A book I have around here also shows wrapping plastic around a ball of dirt/moss right around a stem, keep the dirt damp and you dont have to do any cutting until after the roots form. I read this so I have no real world experience with it.


----------



## BobF (Jun 13, 2012)

There are several reliable methods mentioned here. Which method you use depends in large part on the basic type your blackberries. If they're an upright variety, layering isn't practical but air rooting, cane cuttings and root cuttings will work.

If you have a trailing or semi-trailing variety, air rooting isn't practical, but layering and root cuttings should work really well.

There are differences in quantity also. Primocane tips from pruning uprights can yield more than one start from each cane. Root cuttings can yield large numbers of starts. Air rooting will yield one start per cane.

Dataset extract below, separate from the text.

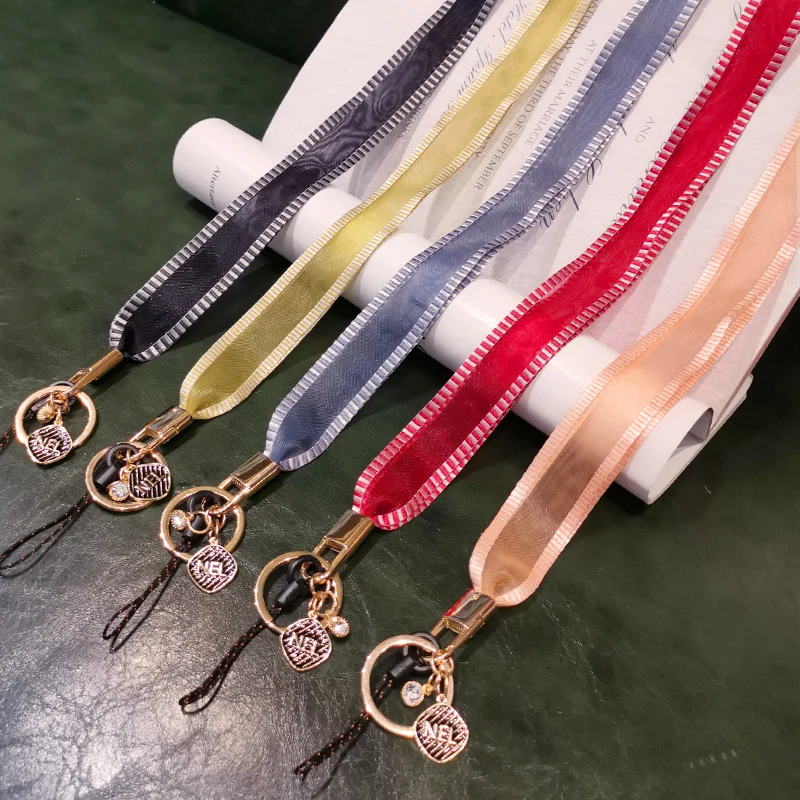 

Suitable for For iphone Redmi Samsung Camera Phone Keychain Long Lanyard Metal Mesh Phone Lanyard Strap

It all comes down to the variety you're working with and which of the methods appropriate for that variety you are most comfortable with.

Here's a link with some info:
http://www.gardeningknowhow.com/fruit-gardening/propagating-blackberries-cuttings.htm


----------



## Jerry1 (Jun 13, 2012)

*Cut the primocane*

I got it. Use nothing but the primocane tip cuttings. Going to take a couple of years to get back to where I was, but it's still going to be fun watching these things grow. Thanks all. jer


----------



## WildBill (Jun 14, 2012)

It is amazing how much TLC some places need to grow something like black berries. I cant get them to go away. I have a full 1/4 acre of them. This year I am pulling them out with the excavator. After a fortune in sprays, they always come back..........


----------



## Jerry1 (Jun 14, 2012)

*Blackberries*

Yeah, I use to live in Federal Way. Friend of mine had about 1/2 acre of vines. He finally quit trying to kill them and went into the control mode. Was much more successful. I would go over and gather berries of course. I have a son over in Port Orchard that is fighting with them. Told him to forget it or buy a front loader and figure out how to sift the top soil. Might get rid of them that way.


----------



## Deezil (Jun 14, 2012)

Jerry1 said:


> Yeah, I use to live in Federal Way. Friend of mine had about 1/2 acre of vines. He finally quit trying to kill them and went into the control mode. Was much more successful. I would go over and gather berries of course. I have a son over in Port Orchard that is fighting with them. Told him to forget it or buy a front loader and figure out how to sift the top soil. Might get rid of them that way.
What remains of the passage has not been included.